Monday, April 05, 2010

April

Here we are, the first Monday in April. It's 58 degrees and cloudy. I've turned the heat off in the house but I'm home for the afternoon and I think I'll just reach over to the thermostat and turn it on. There.

We finally got out in the yard for some raking and garden tilling. Handspade and shovel tilling. My raised bed has some rockin' soil. I did the squeeze test on it: "Take a loose ball of soil about the size of a ping-pong ball in the palm of your hand. Gently squeeze it between the ball of your thumb and your index finger.... If it crumbles, it has a reasonably balanced texture" (Rodale's Ultimate Encyclopedia of Organic Gardening). The other test is the "undercover test": "Observe your soil closely. [Look for] abundant earthworms and other soil organisms." Turns out my raised bed of dirt passed both tests. Healthy topsoil, good balance of moisture, earthworms galore!

Megan was home for Easter break and she and Ken raked the yard, Tim pruned wayward branches, I started in on the gardens. One down, three to go. Days like that makes me realize we can achieve family harmony. Many times in the last twenty years I wondered if we would, if we could. But this weekend we played together, cooked together, worked together. We're such a small family unit you'd think, piece of cake. Compared to the big St. Paul Catholic families or our own original families, which were often double in size, and four seems completely doable. But we're a stubborn group, sensitive and boisterous at once. Seems sometimes no one is willing to back down. Now that the boy is a card-carrying teenager (driver's permit--license soon to come) he's got a whole new world to claim. We used to be able to plan a movie or a meal with relatively easy buy-in from him; now he too wants full say.

Which is only right.

As long as he helps with prep or clean-up.

So the garden. Early warm spring means I might actually get some things planted and moved in time. Last year I didn't take enough time to weed in the spring so I had wick-wack in all my beds and then never could catch up with it all.
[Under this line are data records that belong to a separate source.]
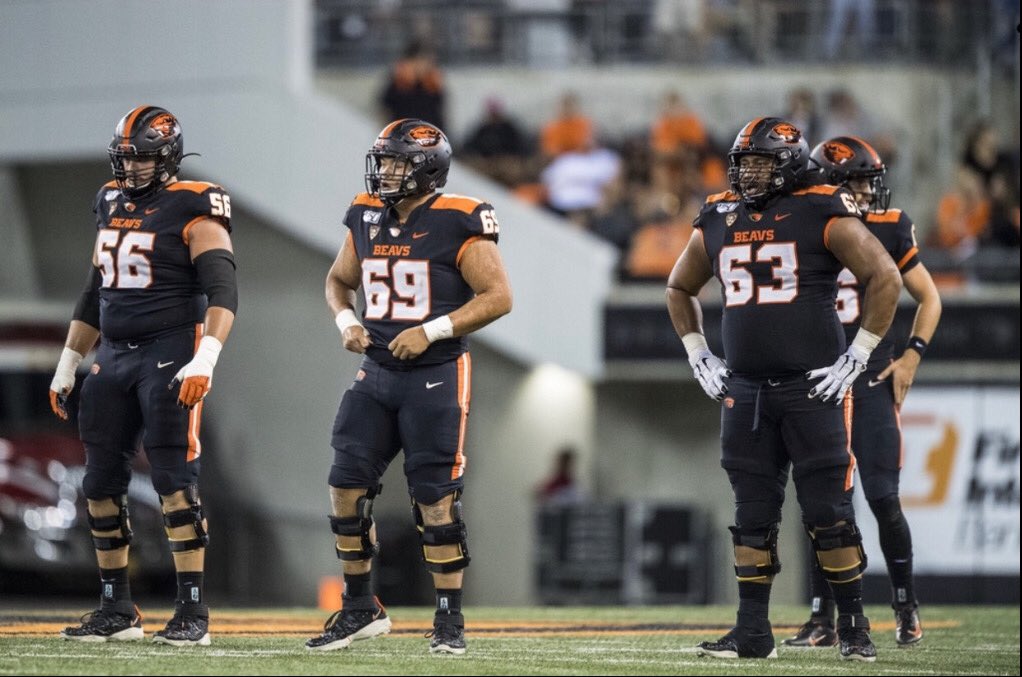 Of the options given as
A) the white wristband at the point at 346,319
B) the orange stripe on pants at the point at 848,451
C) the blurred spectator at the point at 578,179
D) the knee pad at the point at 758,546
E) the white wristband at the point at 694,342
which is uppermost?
the blurred spectator at the point at 578,179

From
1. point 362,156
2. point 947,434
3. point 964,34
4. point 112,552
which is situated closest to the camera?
point 112,552

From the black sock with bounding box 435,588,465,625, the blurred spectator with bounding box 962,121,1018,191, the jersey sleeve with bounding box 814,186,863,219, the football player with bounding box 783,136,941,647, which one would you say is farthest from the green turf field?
the blurred spectator with bounding box 962,121,1018,191

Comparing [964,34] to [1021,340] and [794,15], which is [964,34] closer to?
[794,15]

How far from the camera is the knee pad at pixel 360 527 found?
8.21 meters

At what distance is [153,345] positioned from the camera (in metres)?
8.31

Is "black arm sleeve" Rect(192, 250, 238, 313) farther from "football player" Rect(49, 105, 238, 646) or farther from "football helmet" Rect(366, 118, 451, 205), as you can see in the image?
"football helmet" Rect(366, 118, 451, 205)

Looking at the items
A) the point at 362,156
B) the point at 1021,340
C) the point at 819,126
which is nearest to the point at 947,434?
the point at 1021,340

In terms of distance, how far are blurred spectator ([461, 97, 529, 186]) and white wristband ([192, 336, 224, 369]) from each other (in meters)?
10.5

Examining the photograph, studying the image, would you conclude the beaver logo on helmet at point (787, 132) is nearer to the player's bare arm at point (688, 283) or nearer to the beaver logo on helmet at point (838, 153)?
the player's bare arm at point (688, 283)

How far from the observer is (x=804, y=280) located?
8.20 metres

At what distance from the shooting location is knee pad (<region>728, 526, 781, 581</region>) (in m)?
8.21

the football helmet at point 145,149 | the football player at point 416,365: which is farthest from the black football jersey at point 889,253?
the football helmet at point 145,149

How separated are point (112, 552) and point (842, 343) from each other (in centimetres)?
331

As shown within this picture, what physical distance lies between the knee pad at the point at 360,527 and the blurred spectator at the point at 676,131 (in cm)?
1038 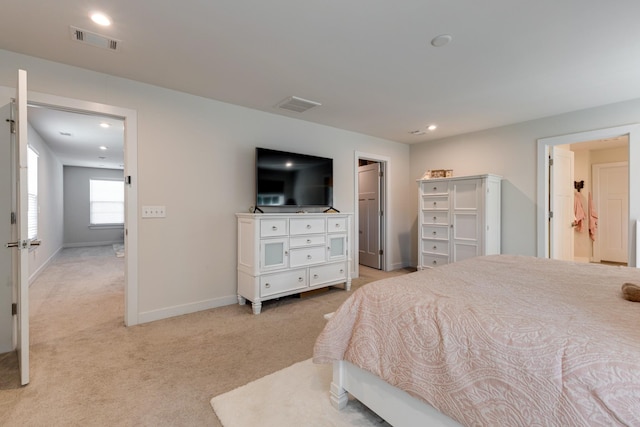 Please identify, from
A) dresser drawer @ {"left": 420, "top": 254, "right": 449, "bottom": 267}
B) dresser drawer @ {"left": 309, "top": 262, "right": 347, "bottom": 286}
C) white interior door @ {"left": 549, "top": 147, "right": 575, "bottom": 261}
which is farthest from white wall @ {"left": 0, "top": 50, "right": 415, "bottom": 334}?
white interior door @ {"left": 549, "top": 147, "right": 575, "bottom": 261}

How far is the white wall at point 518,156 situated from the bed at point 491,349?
240cm

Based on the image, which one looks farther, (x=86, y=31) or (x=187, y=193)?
(x=187, y=193)

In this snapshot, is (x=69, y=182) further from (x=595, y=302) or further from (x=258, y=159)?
(x=595, y=302)

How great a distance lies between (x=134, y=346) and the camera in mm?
2379

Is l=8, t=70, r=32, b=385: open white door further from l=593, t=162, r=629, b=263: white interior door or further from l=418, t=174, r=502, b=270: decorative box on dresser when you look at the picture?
l=593, t=162, r=629, b=263: white interior door

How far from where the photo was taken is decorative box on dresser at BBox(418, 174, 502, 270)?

And I rushed the planting of herbs and tomatoes so that the basil was crowded by the sage was crowded by the tomatoes. No harmony there.

The first Monday in April. My fingers are fat and dirty, swollen from the first day out in the garden, the first dig. It's a good feeling. Goes well against this sterile keyboard.

The hope of spring--keep that soil loose and balanced, those earthworms actively content.